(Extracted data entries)
══════════

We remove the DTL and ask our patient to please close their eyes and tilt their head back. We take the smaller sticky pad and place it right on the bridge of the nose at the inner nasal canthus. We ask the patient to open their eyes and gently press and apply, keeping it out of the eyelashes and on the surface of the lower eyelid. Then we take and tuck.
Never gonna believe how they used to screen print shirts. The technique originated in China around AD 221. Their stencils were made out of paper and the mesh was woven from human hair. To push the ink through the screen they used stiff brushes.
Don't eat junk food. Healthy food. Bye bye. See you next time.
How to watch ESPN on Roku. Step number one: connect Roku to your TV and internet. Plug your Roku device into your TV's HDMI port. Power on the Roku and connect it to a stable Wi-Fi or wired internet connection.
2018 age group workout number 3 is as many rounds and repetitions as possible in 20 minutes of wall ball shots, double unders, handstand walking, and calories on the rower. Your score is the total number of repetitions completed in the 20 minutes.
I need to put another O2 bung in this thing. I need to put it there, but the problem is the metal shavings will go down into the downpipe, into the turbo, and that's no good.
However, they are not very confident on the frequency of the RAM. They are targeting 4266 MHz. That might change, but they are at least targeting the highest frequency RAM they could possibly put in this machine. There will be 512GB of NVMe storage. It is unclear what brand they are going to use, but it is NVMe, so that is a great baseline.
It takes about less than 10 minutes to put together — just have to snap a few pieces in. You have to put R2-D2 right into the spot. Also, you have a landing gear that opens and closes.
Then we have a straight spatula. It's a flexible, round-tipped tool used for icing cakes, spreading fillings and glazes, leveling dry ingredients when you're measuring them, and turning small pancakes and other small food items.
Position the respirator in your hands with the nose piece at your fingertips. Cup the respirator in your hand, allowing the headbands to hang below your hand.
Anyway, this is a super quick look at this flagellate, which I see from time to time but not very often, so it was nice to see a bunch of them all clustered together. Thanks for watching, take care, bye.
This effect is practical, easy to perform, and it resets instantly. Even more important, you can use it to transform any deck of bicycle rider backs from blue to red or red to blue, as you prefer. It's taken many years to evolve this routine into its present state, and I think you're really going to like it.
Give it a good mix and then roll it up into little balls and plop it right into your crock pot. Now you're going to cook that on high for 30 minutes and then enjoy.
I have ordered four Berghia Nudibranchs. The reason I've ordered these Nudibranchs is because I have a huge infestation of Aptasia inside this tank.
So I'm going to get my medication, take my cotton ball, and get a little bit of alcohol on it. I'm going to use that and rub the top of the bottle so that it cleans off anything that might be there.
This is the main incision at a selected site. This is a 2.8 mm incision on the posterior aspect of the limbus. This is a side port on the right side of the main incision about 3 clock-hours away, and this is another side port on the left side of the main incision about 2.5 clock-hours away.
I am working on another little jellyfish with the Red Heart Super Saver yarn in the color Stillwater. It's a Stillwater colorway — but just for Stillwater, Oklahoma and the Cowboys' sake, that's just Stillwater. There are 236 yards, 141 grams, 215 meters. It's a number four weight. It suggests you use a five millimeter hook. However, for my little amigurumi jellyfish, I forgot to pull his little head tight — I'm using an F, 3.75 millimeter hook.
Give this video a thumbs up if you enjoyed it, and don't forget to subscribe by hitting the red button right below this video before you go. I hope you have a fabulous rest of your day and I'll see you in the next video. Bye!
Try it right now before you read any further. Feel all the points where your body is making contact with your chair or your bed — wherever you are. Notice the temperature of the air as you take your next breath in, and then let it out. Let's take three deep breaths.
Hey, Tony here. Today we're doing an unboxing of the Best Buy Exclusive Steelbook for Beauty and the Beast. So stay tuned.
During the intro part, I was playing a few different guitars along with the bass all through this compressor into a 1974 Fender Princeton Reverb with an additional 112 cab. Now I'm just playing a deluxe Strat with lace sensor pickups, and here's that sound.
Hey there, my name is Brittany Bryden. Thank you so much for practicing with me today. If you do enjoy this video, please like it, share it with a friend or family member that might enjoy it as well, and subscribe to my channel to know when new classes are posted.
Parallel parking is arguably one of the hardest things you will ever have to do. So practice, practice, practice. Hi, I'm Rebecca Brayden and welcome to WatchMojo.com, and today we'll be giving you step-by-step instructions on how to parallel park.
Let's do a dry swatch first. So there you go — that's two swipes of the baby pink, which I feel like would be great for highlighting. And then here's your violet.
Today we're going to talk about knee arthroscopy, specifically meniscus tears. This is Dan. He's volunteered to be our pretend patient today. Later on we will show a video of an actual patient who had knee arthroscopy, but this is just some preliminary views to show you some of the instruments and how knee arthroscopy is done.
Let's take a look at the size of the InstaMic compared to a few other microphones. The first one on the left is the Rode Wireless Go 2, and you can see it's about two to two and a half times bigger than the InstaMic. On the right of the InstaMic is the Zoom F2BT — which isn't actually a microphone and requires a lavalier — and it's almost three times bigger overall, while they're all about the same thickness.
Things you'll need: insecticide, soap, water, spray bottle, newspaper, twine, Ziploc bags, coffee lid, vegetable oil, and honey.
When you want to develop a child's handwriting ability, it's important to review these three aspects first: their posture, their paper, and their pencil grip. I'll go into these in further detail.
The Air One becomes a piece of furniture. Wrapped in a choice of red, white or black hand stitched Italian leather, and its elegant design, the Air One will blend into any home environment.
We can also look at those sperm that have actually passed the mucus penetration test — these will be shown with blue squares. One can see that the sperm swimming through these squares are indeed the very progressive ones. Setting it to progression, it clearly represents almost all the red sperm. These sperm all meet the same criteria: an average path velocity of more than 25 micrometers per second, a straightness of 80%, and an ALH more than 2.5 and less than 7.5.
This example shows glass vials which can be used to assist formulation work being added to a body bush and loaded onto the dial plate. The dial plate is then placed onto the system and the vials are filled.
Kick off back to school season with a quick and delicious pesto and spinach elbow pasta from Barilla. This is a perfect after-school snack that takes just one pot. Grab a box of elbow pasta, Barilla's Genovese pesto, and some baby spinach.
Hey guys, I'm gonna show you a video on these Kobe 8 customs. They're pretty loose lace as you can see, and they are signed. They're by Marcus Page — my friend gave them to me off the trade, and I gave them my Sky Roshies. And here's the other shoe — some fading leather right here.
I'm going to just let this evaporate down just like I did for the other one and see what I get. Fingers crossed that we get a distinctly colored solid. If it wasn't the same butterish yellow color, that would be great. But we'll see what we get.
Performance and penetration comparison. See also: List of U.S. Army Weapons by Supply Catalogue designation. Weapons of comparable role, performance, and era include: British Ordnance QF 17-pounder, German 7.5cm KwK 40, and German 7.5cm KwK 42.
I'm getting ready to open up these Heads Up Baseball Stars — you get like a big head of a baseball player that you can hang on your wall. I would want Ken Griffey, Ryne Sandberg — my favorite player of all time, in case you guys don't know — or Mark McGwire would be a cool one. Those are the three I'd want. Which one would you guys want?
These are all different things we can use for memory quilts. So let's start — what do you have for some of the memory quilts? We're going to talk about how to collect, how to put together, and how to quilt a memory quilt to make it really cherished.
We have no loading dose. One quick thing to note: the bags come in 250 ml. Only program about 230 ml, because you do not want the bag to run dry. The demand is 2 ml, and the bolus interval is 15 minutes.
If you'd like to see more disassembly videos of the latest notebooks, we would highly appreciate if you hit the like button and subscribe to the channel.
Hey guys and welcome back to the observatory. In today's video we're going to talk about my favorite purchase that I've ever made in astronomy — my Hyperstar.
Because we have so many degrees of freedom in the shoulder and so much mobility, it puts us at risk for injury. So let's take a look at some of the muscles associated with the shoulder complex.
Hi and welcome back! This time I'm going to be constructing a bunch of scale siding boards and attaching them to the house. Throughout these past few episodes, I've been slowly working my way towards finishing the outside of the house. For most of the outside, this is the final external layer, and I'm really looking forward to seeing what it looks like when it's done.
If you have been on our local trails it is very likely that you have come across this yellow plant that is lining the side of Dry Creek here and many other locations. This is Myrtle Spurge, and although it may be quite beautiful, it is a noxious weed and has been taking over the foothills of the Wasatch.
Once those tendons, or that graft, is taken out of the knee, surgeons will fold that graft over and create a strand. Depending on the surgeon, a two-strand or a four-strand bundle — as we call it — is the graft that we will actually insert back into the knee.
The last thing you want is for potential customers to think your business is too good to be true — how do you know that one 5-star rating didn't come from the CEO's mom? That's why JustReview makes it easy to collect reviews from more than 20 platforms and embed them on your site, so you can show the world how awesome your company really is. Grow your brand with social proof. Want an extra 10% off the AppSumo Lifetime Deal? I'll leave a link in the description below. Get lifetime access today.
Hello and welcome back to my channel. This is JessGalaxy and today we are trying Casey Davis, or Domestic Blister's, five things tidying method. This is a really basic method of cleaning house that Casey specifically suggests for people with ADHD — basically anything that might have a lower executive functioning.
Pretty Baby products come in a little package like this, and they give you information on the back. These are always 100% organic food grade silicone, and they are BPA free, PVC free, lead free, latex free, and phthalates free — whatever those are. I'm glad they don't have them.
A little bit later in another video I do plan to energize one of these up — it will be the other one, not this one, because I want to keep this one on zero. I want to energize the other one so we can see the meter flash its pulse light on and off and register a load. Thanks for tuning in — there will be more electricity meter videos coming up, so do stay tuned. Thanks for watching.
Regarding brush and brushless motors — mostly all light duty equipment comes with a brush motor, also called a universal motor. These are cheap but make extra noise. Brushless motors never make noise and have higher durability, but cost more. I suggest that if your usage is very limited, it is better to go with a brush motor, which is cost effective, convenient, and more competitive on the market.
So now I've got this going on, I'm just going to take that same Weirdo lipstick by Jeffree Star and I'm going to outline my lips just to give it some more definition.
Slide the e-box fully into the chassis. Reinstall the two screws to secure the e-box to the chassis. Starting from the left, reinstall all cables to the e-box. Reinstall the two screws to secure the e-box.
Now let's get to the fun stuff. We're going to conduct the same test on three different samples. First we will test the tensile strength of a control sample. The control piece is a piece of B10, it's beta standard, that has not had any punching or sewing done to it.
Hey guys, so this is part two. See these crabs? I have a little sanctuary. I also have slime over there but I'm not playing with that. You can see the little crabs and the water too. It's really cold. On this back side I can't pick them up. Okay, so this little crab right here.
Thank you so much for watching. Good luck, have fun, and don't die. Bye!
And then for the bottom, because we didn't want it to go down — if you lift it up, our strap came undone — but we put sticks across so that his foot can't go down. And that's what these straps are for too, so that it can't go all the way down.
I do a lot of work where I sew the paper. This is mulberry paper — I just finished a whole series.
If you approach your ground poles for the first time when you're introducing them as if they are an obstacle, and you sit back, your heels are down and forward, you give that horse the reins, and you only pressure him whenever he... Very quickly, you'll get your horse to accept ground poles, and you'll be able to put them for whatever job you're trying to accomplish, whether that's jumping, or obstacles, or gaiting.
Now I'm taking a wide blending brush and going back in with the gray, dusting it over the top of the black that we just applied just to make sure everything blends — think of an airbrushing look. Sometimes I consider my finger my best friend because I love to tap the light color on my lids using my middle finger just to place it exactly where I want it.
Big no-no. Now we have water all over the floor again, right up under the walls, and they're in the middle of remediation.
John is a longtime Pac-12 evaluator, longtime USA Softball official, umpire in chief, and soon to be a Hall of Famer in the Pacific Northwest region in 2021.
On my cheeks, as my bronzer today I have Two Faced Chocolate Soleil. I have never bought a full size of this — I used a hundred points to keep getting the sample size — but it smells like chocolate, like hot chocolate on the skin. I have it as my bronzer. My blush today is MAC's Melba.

══════════

■ **Task statement**
Extract from the records above the lines from the one containing "And then for" to the one containing "I do a lot of", both lines included, exactly as they appear and with nothing else.

■ **Result below**
And then for the bottom, because we didn't want it to go down — if you lift it up, our strap came undone — but we put sticks across so that his foot can't go down. And that's what these straps are for too, so that it can't go all the way down.
I do a lot of work where I sew the paper. This is mulberry paper — I just finished a whole series.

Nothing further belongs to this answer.